Summaries and Derived Data

Grouping and Filtering Groups


Learning Objectives

  • You can write grouped queries using GROUP BY for one or more columns.
  • You can name what one result row represents in any grouped query you write.
  • You can distinguish WHERE from HAVING and choose the right one for a given filter.

An aggregate over a whole table gives one summary for all matching rows. Often, however, the question wants one summary per group. That is what GROUP BY is for.

Once rows have been grouped, the next natural question is whether all groups should appear in the result or only some of them. That is what HAVING is for: WHERE filters rows; HAVING filters groups.

This chapter covers both clauses together, because in practice they are almost always thought about as one pair.

A First Grouped Query

Suppose the question is: how many submissions does each exercise have?

SELECT
  exercise_id,
  COUNT(*) AS submission_count
FROM submissions
GROUP BY exercise_id;

This returns one row per exercise_id. The COUNT(*) is computed within each group rather than across the whole table.

A possible result might look like this:

exercise_idsubmission_count
73
81
125

Three exercises had submissions; for each one, the count of its submissions appears alongside.

Loading Exercise...

What Grouping Really Does

A grouped query works in two conceptual steps:

  1. partition the rows into groups, where rows that share the same grouping value or values go into the same group,
  2. compute the aggregate separately inside each group.
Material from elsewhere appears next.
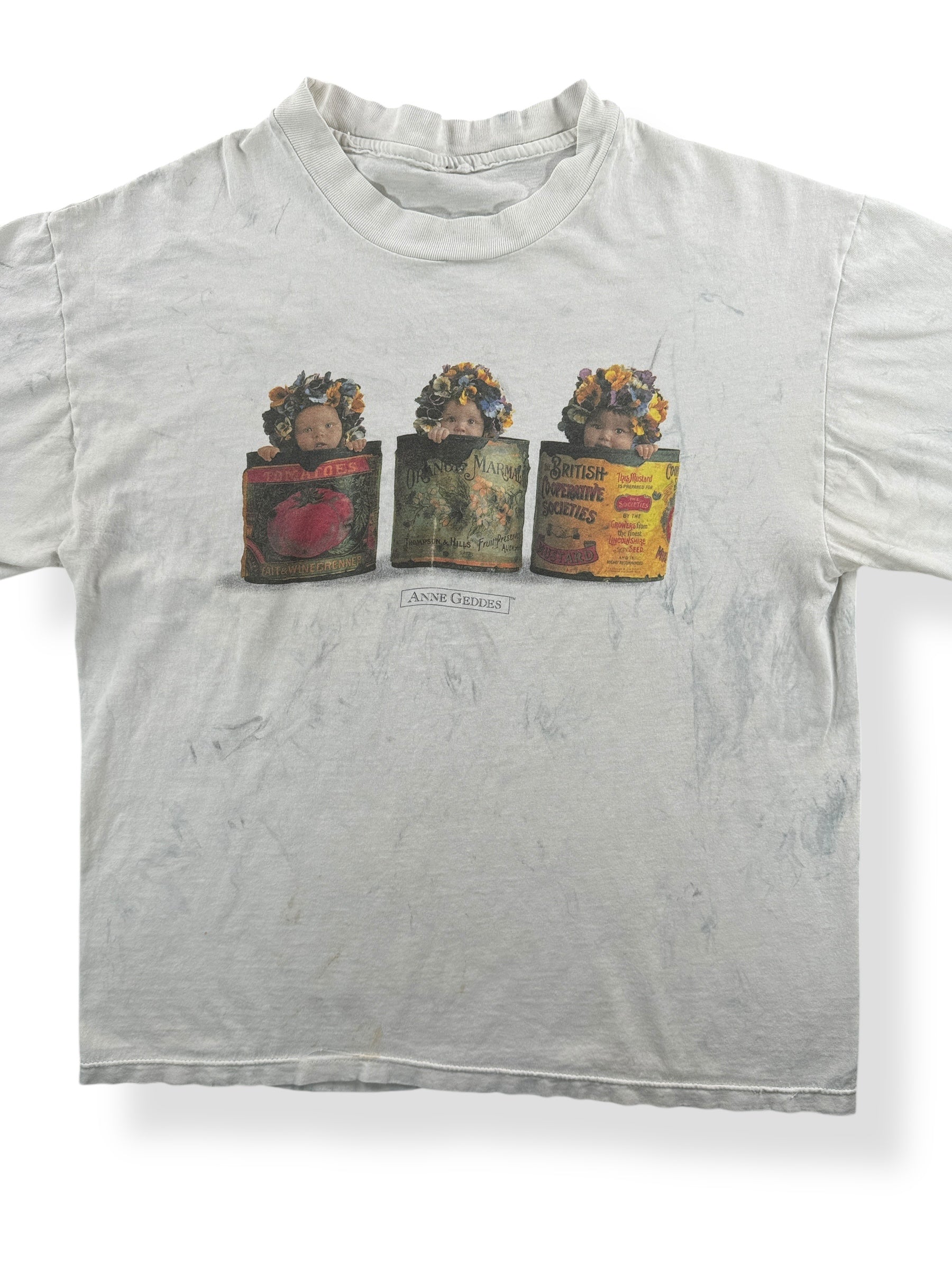 Front Close Up of Vintage Anne Geddes Art Tee SZ L AS IS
The SELECT clause then produces one row per group. Each group becomes one result row.

This explains why the example above has one count per exercise rather than one count for the whole table. Each exercise_id value defines one group; each group contributes one row to the result.

Ask What One Result Row Represents

Before grouping, one result row from SELECT * FROM submissions represents one stored submission. After grouping by exercise_id, one result row represents one exercise together with a summary about its submissions.
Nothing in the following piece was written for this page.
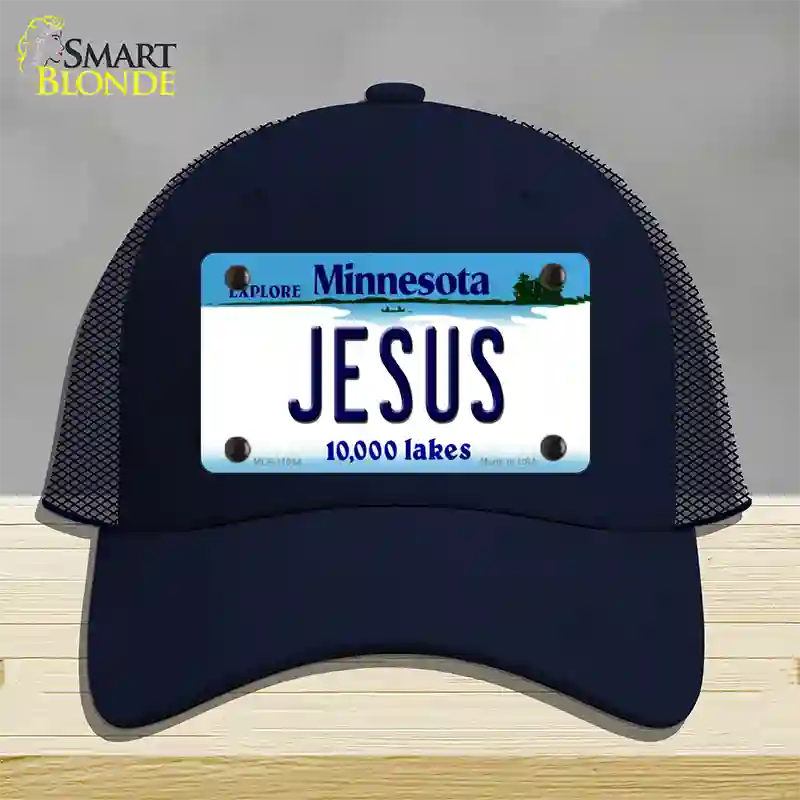 Jesus Minnesota State Novelty License Plate Hat Mesh / Navy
That shift in row meaning is the most important mental move in this part. Every grouped query has a different “what does one result row represent?” answer, and the best habit when reading or writing one is to pause and name that answer in plain language.

For the query above, one result row represents:

one exercise, and the count of submissions made for that exercise.

For a query grouped by (exercise_id, status), one result row would represent:

one exercise-and-status combination, and the count of submissions in that combination.

If the row meaning is unclear, the query is usually unclear too.

Loading Exercise...

A Grouped Query Restricts SELECT

A grouped query cannot freely select any column it wants. Selected columns must be either:

  • columns that appear in the GROUP BY, or
  • aggregate expressions like COUNT(*) or AVG(score).

The reason is that the query produces one row per group. If a column is neither grouped nor aggregated, the query has no clear value to display for that group. There may be many different values of that column within one group, and the DBMS will not guess which to show.

For example, this query is invalid:

SELECT
  exercise_id,
  user_id,
  COUNT(*)
FROM submissions
GROUP BY exercise_id;

Within one group of exercise_id = 7, there are several rows, each with possibly different user_id values. Which user_id should appear in the result row for exercise 7? The DBMS cannot say, so the query is rejected.

The fix depends on the question. If the question is “for each exercise, how many distinct users submitted?”, then:

SELECT
  exercise_id,
  COUNT(DISTINCT user_id) AS distinct_user_count,
  COUNT(*) AS submission_count
FROM submissions
GROUP BY exercise_id;

The user_id is no longer selected directly; instead, an aggregate over it is computed. That respects the rule and answers a clearer question.

Loading Exercise...

Grouping by More Than One Column

A query can group by several columns. The groups are then formed by every distinct combination of those columns.

SELECT
  exercise_id,
  status,
  COUNT(*) AS submission_count
FROM submissions
GROUP BY exercise_id, status;

This produces one row for each (exercise_id, status) combination. The result might look like this:

exercise_idstatussubmission_count
7submitted1
7graded2
8graded1

Three exercise-and-status combinations existed in the data; each gets its own row.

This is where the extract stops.